Lucy did not think so much about her father. She had only seen him twice since she could remember, when he had come from the wars. She thought he must have been a good man, because her mother had been so happy when he came home; and she was sure he was kind to her and used to give her rides upon his shoulder or his foot. She remembered, too, the day when the news came of his death, and she had been dressed in black and told it was for her dear papa who had been killed in the wars abroad. But it was of her mother that she loved to think at such times, even though the remembrance made her feel more unhappy than ever.

Poor little Lucy! It was a sad, irksome life. It would have been dull enough if Aunt Bernard had been kind to her but she was not. She did not love the little girl. She envied her because Lucy was rich, and she herself poor, or, at least, not wealthy. She had hated her mother before her, and she visited it on her little daughter. Lucy could never do any thing right. Whether she sat or stood, ate or drank, worked, read, or played, Aunt Bernard always saw something to find fault with. Nor was fault-finding the worst. Aunt Bernard carried a fan with a long whalebone handle, and there were few days in which the impression of that whalebone was not printed upon Lucy's shoulders or arms, nor many weeks during which she was not sent supperless to bed in the dark.
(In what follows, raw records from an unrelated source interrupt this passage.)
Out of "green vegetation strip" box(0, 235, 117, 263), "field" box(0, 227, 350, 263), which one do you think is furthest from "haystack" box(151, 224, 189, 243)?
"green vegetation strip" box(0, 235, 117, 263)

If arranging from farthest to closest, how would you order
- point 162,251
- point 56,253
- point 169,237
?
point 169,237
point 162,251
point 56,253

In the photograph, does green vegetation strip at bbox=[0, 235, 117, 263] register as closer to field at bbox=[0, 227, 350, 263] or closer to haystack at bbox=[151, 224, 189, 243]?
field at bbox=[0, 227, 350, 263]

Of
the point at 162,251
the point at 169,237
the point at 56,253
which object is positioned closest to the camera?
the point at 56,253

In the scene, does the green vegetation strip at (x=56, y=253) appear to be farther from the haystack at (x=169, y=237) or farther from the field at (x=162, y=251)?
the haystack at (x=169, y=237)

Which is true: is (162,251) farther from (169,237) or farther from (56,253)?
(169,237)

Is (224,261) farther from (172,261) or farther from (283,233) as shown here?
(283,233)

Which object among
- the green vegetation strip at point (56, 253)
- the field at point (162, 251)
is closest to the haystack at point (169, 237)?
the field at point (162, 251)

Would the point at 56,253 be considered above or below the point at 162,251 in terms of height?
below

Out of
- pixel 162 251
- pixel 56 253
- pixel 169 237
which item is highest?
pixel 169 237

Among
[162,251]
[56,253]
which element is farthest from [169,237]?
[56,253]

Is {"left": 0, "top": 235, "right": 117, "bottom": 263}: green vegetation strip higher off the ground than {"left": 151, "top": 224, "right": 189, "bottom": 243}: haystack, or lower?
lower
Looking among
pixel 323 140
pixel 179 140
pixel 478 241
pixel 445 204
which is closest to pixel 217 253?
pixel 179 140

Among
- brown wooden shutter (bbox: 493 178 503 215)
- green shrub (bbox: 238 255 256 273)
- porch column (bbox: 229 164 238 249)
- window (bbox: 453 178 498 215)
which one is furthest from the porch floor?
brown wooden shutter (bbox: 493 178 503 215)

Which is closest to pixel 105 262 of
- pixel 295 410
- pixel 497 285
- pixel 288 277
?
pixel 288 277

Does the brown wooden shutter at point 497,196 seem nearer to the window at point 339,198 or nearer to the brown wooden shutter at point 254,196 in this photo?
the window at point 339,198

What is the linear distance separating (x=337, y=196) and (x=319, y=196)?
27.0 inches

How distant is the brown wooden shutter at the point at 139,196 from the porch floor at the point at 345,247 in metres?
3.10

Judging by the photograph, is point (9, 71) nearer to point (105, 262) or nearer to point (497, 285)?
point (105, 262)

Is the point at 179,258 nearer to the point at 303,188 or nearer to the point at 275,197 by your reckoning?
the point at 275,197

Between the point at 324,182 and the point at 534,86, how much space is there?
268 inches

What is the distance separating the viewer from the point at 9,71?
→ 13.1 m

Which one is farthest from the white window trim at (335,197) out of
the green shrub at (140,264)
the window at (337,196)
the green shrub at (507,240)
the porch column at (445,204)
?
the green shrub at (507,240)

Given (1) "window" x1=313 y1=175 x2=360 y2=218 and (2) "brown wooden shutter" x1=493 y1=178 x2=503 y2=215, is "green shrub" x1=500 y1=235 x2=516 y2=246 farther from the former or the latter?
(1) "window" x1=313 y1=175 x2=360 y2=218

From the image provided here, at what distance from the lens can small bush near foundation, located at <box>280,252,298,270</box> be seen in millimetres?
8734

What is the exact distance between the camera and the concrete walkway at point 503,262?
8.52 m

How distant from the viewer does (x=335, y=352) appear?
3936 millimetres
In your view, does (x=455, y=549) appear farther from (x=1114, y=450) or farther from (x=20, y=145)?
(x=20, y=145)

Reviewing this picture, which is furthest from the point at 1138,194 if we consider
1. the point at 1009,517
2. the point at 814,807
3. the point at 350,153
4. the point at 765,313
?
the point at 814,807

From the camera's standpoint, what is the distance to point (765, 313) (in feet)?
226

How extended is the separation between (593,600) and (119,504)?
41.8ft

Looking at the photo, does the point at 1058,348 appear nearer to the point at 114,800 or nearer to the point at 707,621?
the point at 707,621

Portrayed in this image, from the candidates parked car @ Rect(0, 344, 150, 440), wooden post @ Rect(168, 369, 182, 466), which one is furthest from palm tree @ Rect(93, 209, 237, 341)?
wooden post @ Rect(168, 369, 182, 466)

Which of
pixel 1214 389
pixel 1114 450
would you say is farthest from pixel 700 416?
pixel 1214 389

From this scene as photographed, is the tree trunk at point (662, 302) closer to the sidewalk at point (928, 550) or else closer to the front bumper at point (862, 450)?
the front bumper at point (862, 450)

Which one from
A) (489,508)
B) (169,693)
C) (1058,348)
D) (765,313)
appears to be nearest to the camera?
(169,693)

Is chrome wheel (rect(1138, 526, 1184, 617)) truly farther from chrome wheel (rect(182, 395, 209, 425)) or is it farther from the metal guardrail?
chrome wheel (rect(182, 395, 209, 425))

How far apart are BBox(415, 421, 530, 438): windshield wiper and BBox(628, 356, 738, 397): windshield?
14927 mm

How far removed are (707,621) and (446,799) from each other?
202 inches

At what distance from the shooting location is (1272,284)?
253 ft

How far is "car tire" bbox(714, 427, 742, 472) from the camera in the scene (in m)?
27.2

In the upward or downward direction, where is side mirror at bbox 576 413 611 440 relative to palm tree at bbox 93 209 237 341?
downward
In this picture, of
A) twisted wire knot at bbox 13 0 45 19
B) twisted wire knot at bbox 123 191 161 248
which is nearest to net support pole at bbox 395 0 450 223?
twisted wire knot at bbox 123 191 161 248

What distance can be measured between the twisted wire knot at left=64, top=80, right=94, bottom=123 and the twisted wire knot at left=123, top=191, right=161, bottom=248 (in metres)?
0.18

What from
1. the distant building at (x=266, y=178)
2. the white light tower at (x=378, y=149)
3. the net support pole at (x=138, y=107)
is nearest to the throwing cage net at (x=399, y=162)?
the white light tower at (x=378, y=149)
She would have fared worse than she did, if Margery, the cook, had not pitied the child. Sometimes Margery would contrive to bring her a cake or a biscuit; and when Mrs. Bernard went away on a visit with her waiting-woman Hannah, Margery would make feasts for Lady Lucy in the kitchen, and sometimes allow her to bake little cakes for herself. These were Lucy's happy days, when she could sit in a corner of the great chimney and watch the cook bustling about her work, or the milkmaid bringing in her pails of fresh milk and carrying out buckets of whey to the pigs. It made no difference to Lucy that her aunt always forbade her going into the kitchen,—unless, indeed, it rather added to her pleasure to think that she was disobeying Aunt Bernard and for once having her own way. It was perhaps the worst result of that lady's system of management that Lucy learned to take pleasure in deceiving and outwitting her.

One day, however,—one memorable, miserable day,—all these surreptitious feasts came to a sudden end. I will tell you about it particularly, because it was the means of bringing about a great change in Lucy's manner of life.

On this day Aunt Bernard set out in her carriage to make a visit at Langham Hall, some twenty miles away. She was to stay over-night with Lady Langham and return home the next evening. She left Lucy plenty of work to do, and many injunctions as to her conduct, and threats as to what would happen if she were disobedient.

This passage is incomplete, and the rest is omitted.